In this study, we proposed a deep CNN for vision-based vehicle detection. Feature extraction, CNN and sliding window method are utilized for detecting vehicles. Le Cun et al. proposed CNN structure [18] for the classification of hand-written numbers from 32 to 32 pixel images. It is called LeNet-5 and it has seven convolutional layers [18, 19]. Afterwards, similar to LeNet, other deep learning structures were designed [21,22,23,24]. These are AlexNet [20], ZFNet [21], VGGNet [22], GoogleNet [23] and ResNet [24]. Different CNN-based systems are constructed to solve pattern recognition, image processing, classification, etc. problems. Recently, CNN was utilized for face recognition [25], hand gesture recognition [26], brain-tumor segmentation [27], face sketch synthesis [28], microaneurysm detection [29], fingerprint enhancement [30], segmentation of glioma tumors in the brain [31], handwritten recognition [32], sign language translation[33], segmenting neuroanatomy [34], change detection using heterogeneous optical and radar images [35], prediction of eye fixations [36], improving acoustic source localization [37], short-term wind speed forecasting [38], and showed good results. CNN is applied to solve COVID-19 and pneumonia diagnosis using X-ray images [39], image and video recognition [40], recognition of head movement [41] and vehicle detection [42] problems.

In the paper, a vision-based vehicle detection system is designed. The contributions of the paper include: Using CNN a vision-based vehicle detection system was proposed for autonomous intelligent car driving; The architecture of CNN is designed for a vision-based vehicle detection system; The four CNN models are designed and their performances were analyzed to detect cars at various distances in the traffic; The simulations have been done to demostrate the effictiveness of using the proposed system. The CNN-based vehicle detection developed for intelligent car driving allows to avoid crashes, prevent accidents, save people's lives and reduce damages. The use of vehicle detection and recognition system will enable safe driving and improvement of traffic quality.

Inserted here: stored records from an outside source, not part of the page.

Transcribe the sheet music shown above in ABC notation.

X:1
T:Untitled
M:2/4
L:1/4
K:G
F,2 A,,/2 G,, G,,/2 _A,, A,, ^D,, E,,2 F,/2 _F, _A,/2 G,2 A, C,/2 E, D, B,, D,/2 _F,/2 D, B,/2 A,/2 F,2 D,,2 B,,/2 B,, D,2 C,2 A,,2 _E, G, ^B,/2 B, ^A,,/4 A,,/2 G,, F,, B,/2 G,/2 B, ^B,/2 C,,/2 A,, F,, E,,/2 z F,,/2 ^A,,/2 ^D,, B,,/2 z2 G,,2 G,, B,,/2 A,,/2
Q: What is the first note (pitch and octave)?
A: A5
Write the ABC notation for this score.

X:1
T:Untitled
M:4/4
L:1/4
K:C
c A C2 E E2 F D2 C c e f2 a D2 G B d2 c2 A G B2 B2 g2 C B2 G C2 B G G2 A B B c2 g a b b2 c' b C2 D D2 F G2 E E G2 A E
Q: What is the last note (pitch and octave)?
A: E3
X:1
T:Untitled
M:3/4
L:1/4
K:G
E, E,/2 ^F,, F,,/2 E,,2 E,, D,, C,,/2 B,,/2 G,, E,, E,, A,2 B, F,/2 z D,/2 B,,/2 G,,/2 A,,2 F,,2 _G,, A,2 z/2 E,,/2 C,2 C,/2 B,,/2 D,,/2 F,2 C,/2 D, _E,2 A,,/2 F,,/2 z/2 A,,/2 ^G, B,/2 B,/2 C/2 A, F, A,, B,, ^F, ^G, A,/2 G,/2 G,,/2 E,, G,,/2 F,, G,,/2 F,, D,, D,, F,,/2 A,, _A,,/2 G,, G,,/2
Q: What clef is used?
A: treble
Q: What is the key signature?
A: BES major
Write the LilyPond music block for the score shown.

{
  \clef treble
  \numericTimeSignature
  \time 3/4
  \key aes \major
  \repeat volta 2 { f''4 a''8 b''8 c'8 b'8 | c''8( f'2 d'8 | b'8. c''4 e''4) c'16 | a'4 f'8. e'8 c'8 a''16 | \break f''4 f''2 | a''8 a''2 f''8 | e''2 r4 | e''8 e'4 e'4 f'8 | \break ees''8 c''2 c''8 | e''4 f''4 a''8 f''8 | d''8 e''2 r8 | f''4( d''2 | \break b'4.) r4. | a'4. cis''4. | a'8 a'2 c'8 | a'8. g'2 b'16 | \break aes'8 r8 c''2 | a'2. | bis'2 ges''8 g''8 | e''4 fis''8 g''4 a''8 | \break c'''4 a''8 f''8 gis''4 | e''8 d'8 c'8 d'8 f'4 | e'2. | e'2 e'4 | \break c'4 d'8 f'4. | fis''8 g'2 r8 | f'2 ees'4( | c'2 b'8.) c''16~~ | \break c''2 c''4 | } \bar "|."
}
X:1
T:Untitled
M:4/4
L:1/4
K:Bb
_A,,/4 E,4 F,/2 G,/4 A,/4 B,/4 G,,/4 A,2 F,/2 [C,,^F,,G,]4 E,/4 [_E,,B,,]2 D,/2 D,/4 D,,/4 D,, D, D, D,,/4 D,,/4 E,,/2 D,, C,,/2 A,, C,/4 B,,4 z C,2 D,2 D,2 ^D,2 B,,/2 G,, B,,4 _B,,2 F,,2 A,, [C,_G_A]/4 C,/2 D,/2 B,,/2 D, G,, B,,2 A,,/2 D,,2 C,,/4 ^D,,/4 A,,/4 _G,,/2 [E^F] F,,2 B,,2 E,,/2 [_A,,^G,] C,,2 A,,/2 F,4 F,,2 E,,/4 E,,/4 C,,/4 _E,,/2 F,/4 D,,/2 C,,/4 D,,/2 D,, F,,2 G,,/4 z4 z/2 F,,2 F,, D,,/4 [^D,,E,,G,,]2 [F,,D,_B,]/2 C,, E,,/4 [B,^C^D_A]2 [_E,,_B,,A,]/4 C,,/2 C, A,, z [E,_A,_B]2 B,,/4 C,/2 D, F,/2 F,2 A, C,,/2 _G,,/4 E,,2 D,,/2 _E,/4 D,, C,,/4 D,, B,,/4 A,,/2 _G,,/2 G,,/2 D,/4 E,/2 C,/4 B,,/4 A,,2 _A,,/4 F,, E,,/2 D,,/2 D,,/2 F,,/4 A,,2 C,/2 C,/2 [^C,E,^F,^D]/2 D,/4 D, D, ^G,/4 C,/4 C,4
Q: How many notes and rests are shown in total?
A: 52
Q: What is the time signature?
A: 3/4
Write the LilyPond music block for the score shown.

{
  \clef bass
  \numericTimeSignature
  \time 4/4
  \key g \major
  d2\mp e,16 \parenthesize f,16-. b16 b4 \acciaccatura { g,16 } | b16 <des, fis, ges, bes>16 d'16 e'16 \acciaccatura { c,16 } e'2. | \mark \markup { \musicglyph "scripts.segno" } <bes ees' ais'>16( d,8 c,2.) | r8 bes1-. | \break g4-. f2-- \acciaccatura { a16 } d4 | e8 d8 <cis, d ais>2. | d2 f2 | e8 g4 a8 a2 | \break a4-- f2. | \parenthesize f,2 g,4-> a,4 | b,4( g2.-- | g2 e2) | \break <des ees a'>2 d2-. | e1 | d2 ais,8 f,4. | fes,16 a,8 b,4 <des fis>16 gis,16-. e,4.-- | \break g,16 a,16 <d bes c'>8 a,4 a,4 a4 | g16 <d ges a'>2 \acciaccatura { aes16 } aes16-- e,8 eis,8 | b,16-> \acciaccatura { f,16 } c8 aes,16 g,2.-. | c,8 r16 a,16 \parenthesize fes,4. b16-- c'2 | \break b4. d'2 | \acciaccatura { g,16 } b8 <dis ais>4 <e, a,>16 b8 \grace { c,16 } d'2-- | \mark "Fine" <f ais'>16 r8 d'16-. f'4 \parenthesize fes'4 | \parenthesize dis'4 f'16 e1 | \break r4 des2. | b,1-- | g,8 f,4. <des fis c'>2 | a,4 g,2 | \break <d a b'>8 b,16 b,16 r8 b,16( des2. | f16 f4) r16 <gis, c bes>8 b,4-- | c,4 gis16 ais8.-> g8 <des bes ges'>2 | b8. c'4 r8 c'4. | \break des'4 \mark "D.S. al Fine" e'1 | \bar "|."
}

The paper is organized as follows. Section 2 describes Convolutional Neural Networks used for vehicle detection. The CNN structure used for vehicle detection is proposed. Section 3 presents the obtained simulation results. Finally, Sect. 4 gives the conclusions.

2 Convolutional neural network

CNN includes several hidden layers called convolution, pooling and feedforward and full-connected layers. The convolutional layers that are the main building modules of CNN are used to extract features from the input images. Figure 1 presents a simple CNN structure. The input of the first convolutional layer is an image and its output is the feature space. Next convolutional layer uses this feature map to drive the output feature map. More detailed features of the input images can be extracted by increasing the number of convolutional layers. In the next stage the RelU activation is applied to the ouput feature map. The output features obtained are entered into the pooling layers. Pooling layers are usually used between convolutional layers. The pooling layer reduces the dimension of feature maps. The output features are flattened and converted into a one-dimensional array. These signals are inputs for a fully connected network that perform the classification of input signals.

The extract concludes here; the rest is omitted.